Share :
HESTEK.CO.ID – Aroma dugaan tindak pidana korupsi (Tipikor) pengadaan obat-obatan di Rumah Sakit Umum Daerah (RSUD) MM Dunda Limboto menyengat kepermukaan.
Hal itu terkuak pasca adanya laporan ke Mapolres Gorontalo yang dilayangkan Badan Eksekutif Mahasiswa (BEM) Provinsi Gorontalo, 9 Januari 2024 lalu.
Koordinator BEM Provinsi Gorontalo, Man’uth Ishak, yang dikonfirmasi membenarkan adanya laporan tersebut. Ia menuturkan beberapa laporan telah disampaikan guna dilakukan penelusuran atas dugaan korupsi di rumah sakit milik Pemerintah Kabupaten Gorontalo itu.
“Betul kami BEM Provinsi Gorontalo telah melaporkan dugaan kasus tindak pidana korupsi atas pengadaan obat-obatan di RSUD MM Dunda Limboto ke Polres Gorontalo,” kata Man’uth, Senin (5/2/2024).

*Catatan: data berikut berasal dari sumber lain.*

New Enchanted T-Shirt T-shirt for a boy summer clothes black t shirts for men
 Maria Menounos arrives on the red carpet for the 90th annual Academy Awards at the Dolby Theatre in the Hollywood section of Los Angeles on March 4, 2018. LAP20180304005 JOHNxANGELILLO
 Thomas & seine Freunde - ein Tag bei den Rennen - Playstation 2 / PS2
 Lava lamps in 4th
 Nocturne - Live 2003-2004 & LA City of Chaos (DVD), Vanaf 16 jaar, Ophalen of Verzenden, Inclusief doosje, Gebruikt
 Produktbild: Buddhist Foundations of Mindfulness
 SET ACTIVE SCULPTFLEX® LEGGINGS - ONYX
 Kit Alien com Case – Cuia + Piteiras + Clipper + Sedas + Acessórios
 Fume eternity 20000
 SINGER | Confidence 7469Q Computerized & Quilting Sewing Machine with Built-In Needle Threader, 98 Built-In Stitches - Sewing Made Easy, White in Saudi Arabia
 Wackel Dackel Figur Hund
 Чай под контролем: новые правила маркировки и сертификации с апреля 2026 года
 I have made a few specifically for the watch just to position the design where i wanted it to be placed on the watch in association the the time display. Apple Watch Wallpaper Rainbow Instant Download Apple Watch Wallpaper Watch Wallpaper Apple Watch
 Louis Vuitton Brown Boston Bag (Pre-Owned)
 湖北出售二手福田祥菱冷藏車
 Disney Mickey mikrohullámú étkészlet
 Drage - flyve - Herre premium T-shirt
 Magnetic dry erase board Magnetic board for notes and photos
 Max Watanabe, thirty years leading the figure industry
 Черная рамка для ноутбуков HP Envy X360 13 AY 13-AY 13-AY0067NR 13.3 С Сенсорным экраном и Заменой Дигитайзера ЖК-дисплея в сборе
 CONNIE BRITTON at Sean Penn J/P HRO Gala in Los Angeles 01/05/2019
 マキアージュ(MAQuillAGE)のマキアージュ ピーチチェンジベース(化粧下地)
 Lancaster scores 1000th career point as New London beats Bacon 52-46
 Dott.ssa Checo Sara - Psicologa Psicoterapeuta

Dalam laporannya Man’uth mengungkapkan, temuan Badan Pemeriksa Keuangan (BPK) tahun 2022 terhadap pengelolaan persediaan 38 jenis obat-obatan dan BMHP senilai Rp1.3 miliar berpotensi kedaluwarsa dalam waktu kurang dari 24 bulan.
Hal itu kata dia, tidak sesuai dengan Surat Edaran Menteri Kesehatan Nomor HK.02.0I/MENKES/238/2017 tanggal 8 Juni 2017 tentang kriteria batas kadaluwarsa obat, sebagaimana pengadaan obat dan perbekalan Kesehatan yang telah ditetapkan dalam Surat Keputusan Menteri Kesehatan Nomor 112 l/MENKES/SK/XIl/2008.
“Yaitu obat dan perbekalan kesehatan yang diadakan mempunyai batas kedaluwarsa paling sedikit dua tahun pada saat diterima,” jelas Man’uth.
Lebih lanjut Man’uth menjelaskan dalam temuan BPK, RSUD MM Dunda juga tidak melakukan rekap mutasi keluar masuk obat dan BMHP secara berkala. Sehingga hasil pemeriksaan uji petik menunjukkan pengelolaan obat-obatan dan BMHP belum memadai.
BPK, kata dia, juga tidak dapat melakukan pengujian terhadap nilai saldo persediaan obat dan BMHP yang dilaporkan per 31 Desember 2022 pada unit Farmasi I dan 2 RSUD MM Dunda Limboto, dikarenakan penanggungjawab pada masing-masing unit tersebut tidak memiliki rekapan jumlah obat yang keluar pada tahun 2023 dan sampai dengan pemeriksaan berakhir.
Man’uth menuturkan, masing-masing penanggungjawab unit dalam temuan BPK juga tidak dapat menyampaikan seluruh bukti keluar obat-obatan dan BMHP pada tahun 2023, sehingga tidak dapat dihitung mundur hingga diperoleh saldo per 31 Desember 2022.
“Akibatnya persediaan obat-obatan pada unit Farmasi 1 dan 2 senilai Rp595 juta lebih tidak dapat diuji oleh BPK,” bebernya.
Atas hal itu Mantan Presiden BEM Universitas Gorontalo itu meminta Polres Gorontalo benar-benar melakukan penelusuran atas indikasi dugaan korupsi pengadaan obat-obatan tersebut.
“Kami juga mengucapkan terimakasih pada pihak kepolisian yang sudah menindaklanjuti laporan kami dan berharap kasus ini akan terus diproses,” tandasnya.